- Requirement -
Could the data below be printed out exactly, with the pictures left out?

--

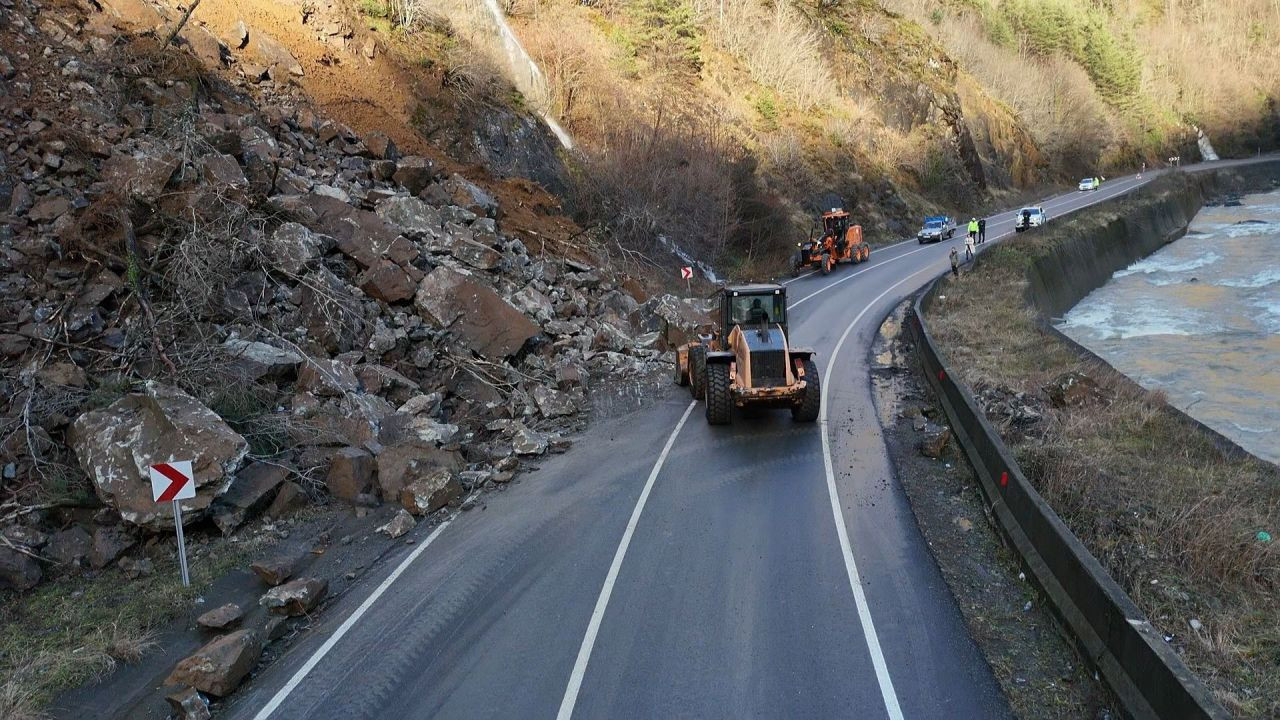 Artvin'de Heyelan Sonrası Borçka-Hopa Karayolu Yeniden Ulaşıma Açıldı - Sayfa 3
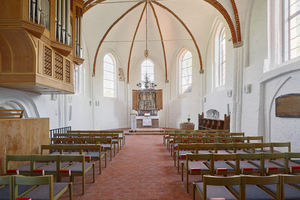  Blick aus dem Langhaus in die gotische Architektur des Altar- und Chorraums 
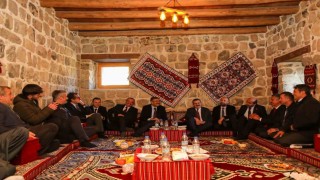 Çukurcanın tarihi taş evleri turizme açıldı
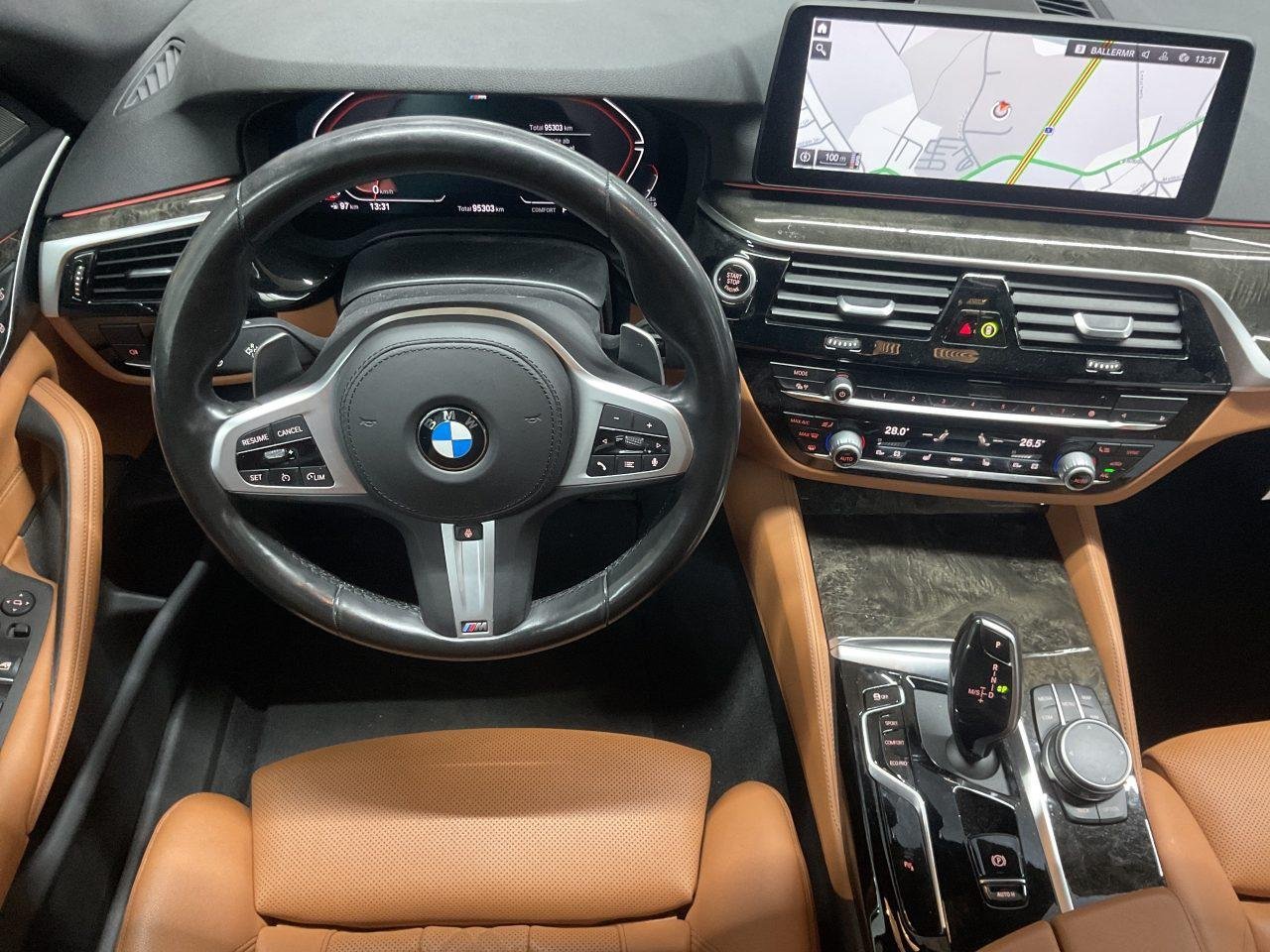 2021 BMW 5 Series   AWD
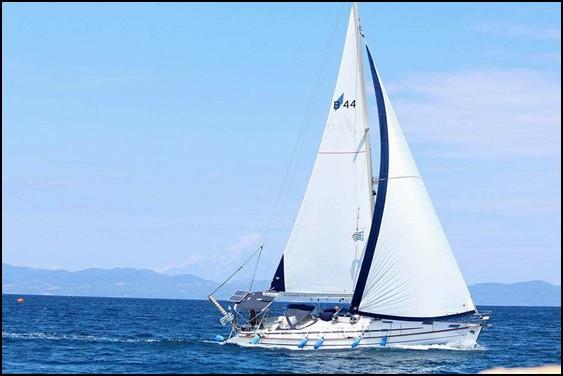 Mamillo Bavaria 44 Capaity Maximum capacity 8 guests, length 13, 41 m 3 double cabins, 1 bunk, Wi-Fi, 2 WC with shower, 1 outside shower, a/c Skipper & co-skipper Light snacks, soft drinks, fruits
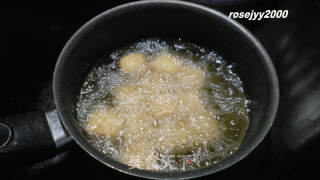 老皮嫩肉--中硬豆腐的做法步驟：2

--

- Task answer -
 Artvin'de Heyelan Sonrası Borçka-Hopa Karayolu Yeniden Ulaşıma Açıldı - Sayfa 3
  Blick aus dem Langhaus in die gotische Architektur des Altar- und Chorraums 
 Çukurcanın tarihi taş evleri turizme açıldı
 2021 BMW 5 Series   AWD
 Mamillo Bavaria 44 Capaity Maximum capacity 8 guests, length 13, 41 m 3 double cabins, 1 bunk, Wi-Fi, 2 WC with shower, 1 outside shower, a/c Skipper & co-skipper Light snacks, soft drinks, fruits
 老皮嫩肉--中硬豆腐的做法步驟：2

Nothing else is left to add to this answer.